= Drug nomenclature =

Systematic naming of drugs

Drug nomenclature is the systematic naming of drugs, especially pharmaceutical drugs. In general, drugs have 3 types of names: chemical names, for which IUPAC nomenclature is the most accepted naming system; nonproprietary (generic) names, for which the international nonproprietary name (INN) system is the most accepted naming system; and trade names, which are brand names used for marketing and selling drugs. Under the INN system, generic names for drugs contain affixes or stems that can be used to identify what class a drug belongs to, while ensuring related names are distinguishable. A marketed drug might also have a company code or compound code.

==Legal regulation==
Drug names are often subject to legal regulation, including approval for new drugs (to avoid confusion with existing drugs) and on packaging to establish clear rules about adulterants and fraudulent or misleading labeling. A national formulary is often designated to define drug names (and purity standards) for regulatory purposes. The legally approved names in various countries include:
- Australian Approved Name
- Brazilian Nonproprietary Name
- British Approved Name
- Dénomination Commune Française (France)
- Denominazione Comune Italiana (Italy, generic name)
- Japanese Accepted Name
- United States Adopted Name

The World Health Organization administers the international nonproprietary name list.

A company or person developing a drug can apply for a generic (nonproprietary) name through their national formulary or directly to the WHO INN Programme.
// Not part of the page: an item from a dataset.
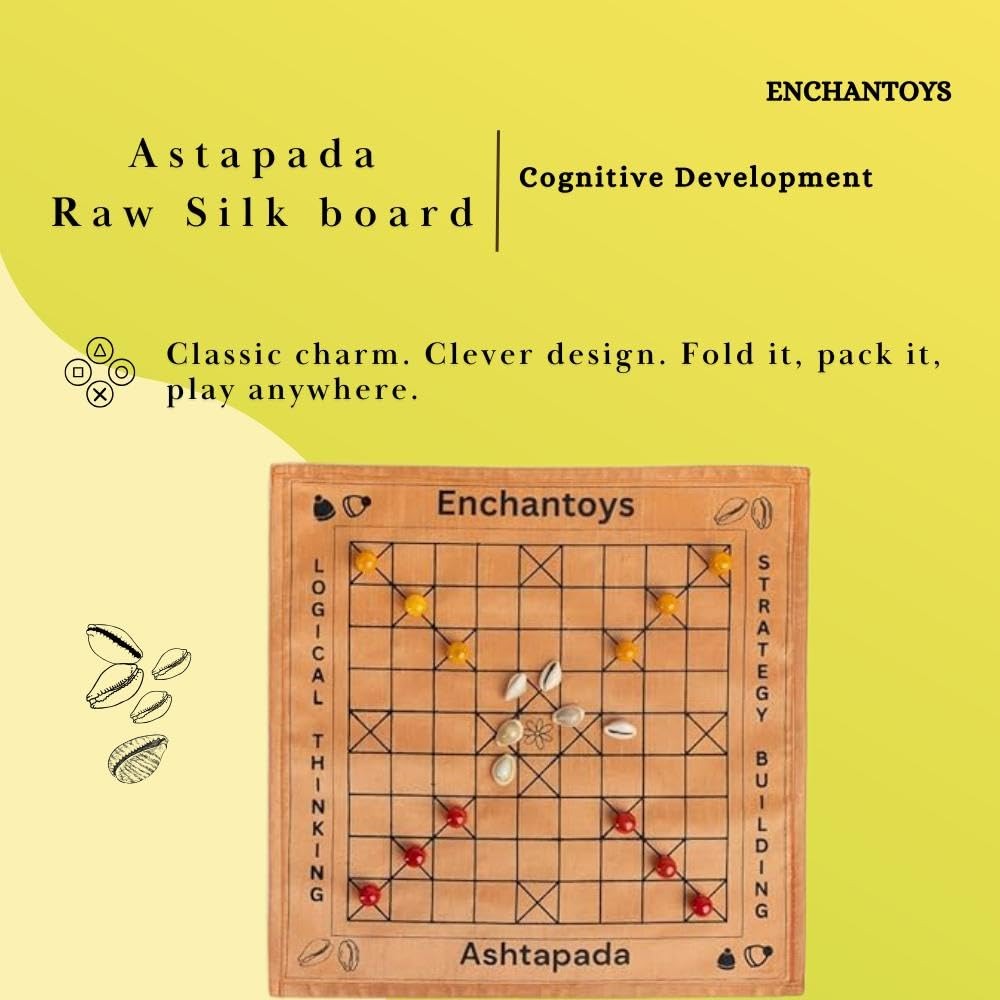 Buy Ashta Pada–Handcrafted Eco-friendly Native Game in Raw Silk Online On Enchantoys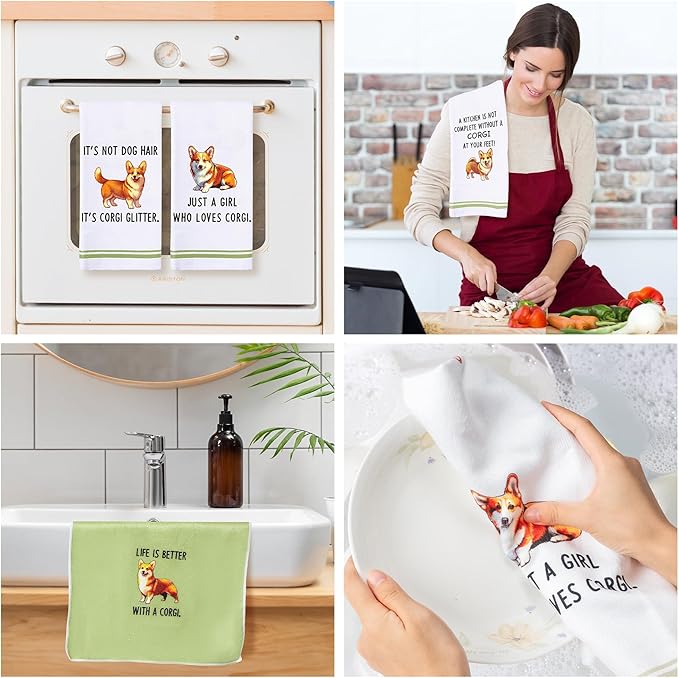 R Horse Funny Corgi Kitchen Dish Towels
In order to minimize confusion, many of the national naming bodies have policies of maintaining harmony between national nonproprietary names and INNs. The European Union has mandated this harmonization for all member states. In the United States, the developer applies to United States Adopted Name (USAN) Council, and a USAN negotiator applies to the INN on the developer's behalf.

==Chemical names==
The chemical names are the scientific names, based on the molecular structure of the drug. There are various systems of chemical nomenclature and thus various chemical names for any one substance. The most important is the IUPAC name. Chemical names are typically very long and too complex to be commonly used in referring to a drug in speech or in prose documents. For example, "1-(isopropylamino)-3-(1-naphthyloxy) propan-2-ol" is a chemical name for propranolol. Sometimes, a company that is developing a drug might give the drug a company code, which is used to identify the drug while it is in development. For example, CDP870 was UCB's company code for certolizumab pegol; UCB later chose "Cimzia" as its trade name. Many of these codes, although not all, have prefixes that correspond to the company name.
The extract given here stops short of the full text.